(Getty Images)
Arrivare negli Stati Uniti da campioni in carica in Copa America e da campioni in carica al Mondiale, significa inevitabilmente raccogliere la filigranata etichetta di grandi favoriti del torneo. Il ciclo Scaloni con l’Argentina è stato finora una garanzia che non ha lasciato troppo respiro alle ambizioni di altre, in Copa America quanto a livello intercontinentale. L’ha detto anche Messi, in relazione alla sua volontà di farne parte finché fiato e gambe reggeranno: dopo anni di sofferenza, c’è la consapevolezza di vivere un momento storico e forse unico nel nuovo millennio. Per traguardi e successi, è indubbiamente così.
La partenza dell’Argentina in questa Copa America ha raccontato che la fame è ancora tanta, da crampi allo stomaco. Vero, siamo solo all’inizio, per di più in una competizione – come pressoché qualunque a gironi ed eliminazione diretta – che non regala mai grandi certezze. Ricominciare così, però, in maniera convincente, quasi travolgente in alcuni segmenti, significa che l’Albiceleste c’è.

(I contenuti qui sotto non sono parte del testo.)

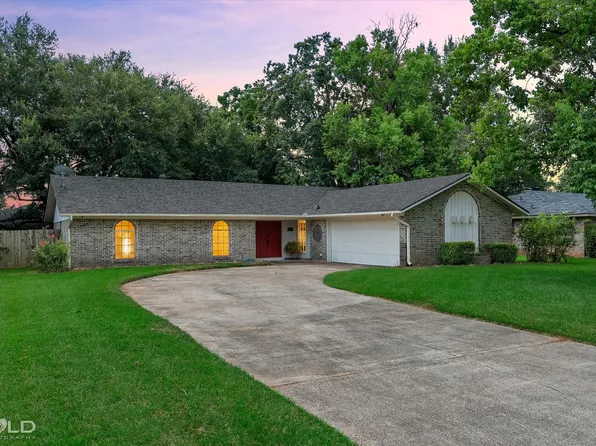 105 Lancashire Dr, Bossier City, LA 71111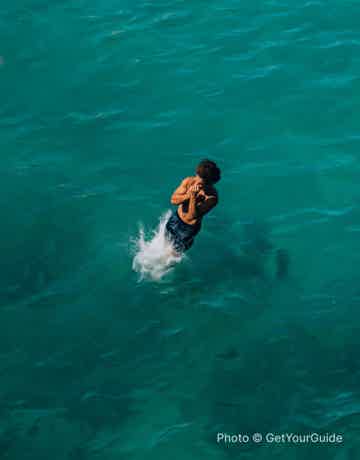 Have fun with your friends on board a boat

Più delle etichette, più dei riti profumati di incenso, più della compattezza del gruppo, più della luminosità delle stelle, ciò che rende l’Argentina la più temibile è forse la profondità di una rosa da cui esonda talento. Il lusso di potersi concedere di sostituire Di Maria con Lo Celso, ad esempio, e ottenere addirittura un upgrade nella fluidità della rifinitura, è un elemento di cui pochi possono farsi vanto. Se l’ex Rosario Central sta bene, è un gioiello. O ancora, l’alternanza in attacco che con il Canada ha funzionato chirurgicamente. Con Julian Alvarez titolare e Lautaro Martinez primo sostituto: avercelo, un ballottaggio così.
In New Jersey adesso arriva il Cile di Gareca – che ieri notte ha pareggiato contro il Perù 0-0 -, per un secondo test che profuma come sempre di vendetta per l’Albiceleste. Vincere significa guardare agli ottavi, riposare con il Perù e iniziare davvero a lastricare, ancora una volta, il cammino verso la gloria.